Poggio Trattoria in Sausalito is my favorite Bay Area restaurant, the one place I can always count on for mouthwatering Tuscan delicacies, presented with elegance and style, in a warm sit-down-and-stay-a-while setting. On a recent visit, I had dinner with a friend, who had never eaten there, and the evening was, as always, a resounding success.

We started with a bottle of Prosecco, a bit of a splurge, but still reasonably priced at $44. Within moments there was a basket of warm homemade bread on the table, the melt-in-your-mouth variety that is hard to resist. We ordered the burrata (a creamy, stuffed mozzarella, $11) as an appetizer — absolute heaven in combination with the bubbly. My friend then had a beet salad ($9) on a bed of arugula drizzled with a perfect balsamic dressing, and I dove headfirst into the stellar endive salad ($10), a superb blend of Belgian endive, apples, gorgonzola, hazelnuts, and honey.

My dinner partner chose a fish course, the wood-fire roasted snapper ($28), accompanied by potatoes and a savory, yet delicate, spinach. Poggio has quite a knack for fish preparation, and the snapper was outstanding. I opted for the deeply satisfying “Fichi” pizza ($12), with caramelized onions, pancetta, gorgonzola, and black mission figs. What a combination! I couldn’t finish the entire pizza and had to take half of it home. For dessert (okay, so I left a little room for dessert…) we split the budino, my favorite: a warm, chocolate mini-cake that is out of this world. We rounded out the night with some hearty cups of coffee.

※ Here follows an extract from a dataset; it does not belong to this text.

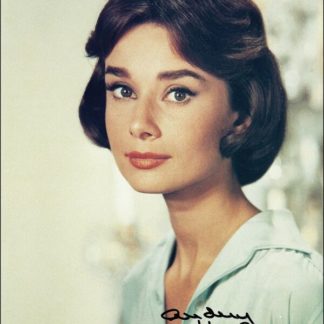 Audrey Hepburn Autograph (Click for full image)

The staff at Poggio merits a comment. Every time I’ve eaten there, I’ve been treated like a friend of the family, from the hostess to the bartenders to each of the servers. I have never felt rushed or ignored, even during the busiest of nights. No one even made fun of me when, on my first visit, I asked about “evoo,” a curious-sounding ingredient listed in many of the dishes, and one that I assumed must be an exotic sea creature or mountain fungus. My waiter very politely explained that evoo was simply shorthand for “extra virgin olive oil.” Now I know…

Go to Poggio for a fabulous dinner or lunch. Parking is easy in Sausalito, especially at night, and an after-dinner stroll along the waterfront is a must. I hope it becomes one of your favorite places.


Amber Wipfler
Name: Amber
Occupation: Deputy Attorney General
Location: San Francisco
Favorite Restaurant: Alegrias Spanish Restaurant
Reviewed Poggio: Monday, December 8, 2008


With North Beach a simple bus ride from my house, I was a bit reluctant to make the drive to Sausalito for an Italian restaurant, even one as highly rated as Poggio. Now that I’ve been there, I would happily cross multiple bridges to go back.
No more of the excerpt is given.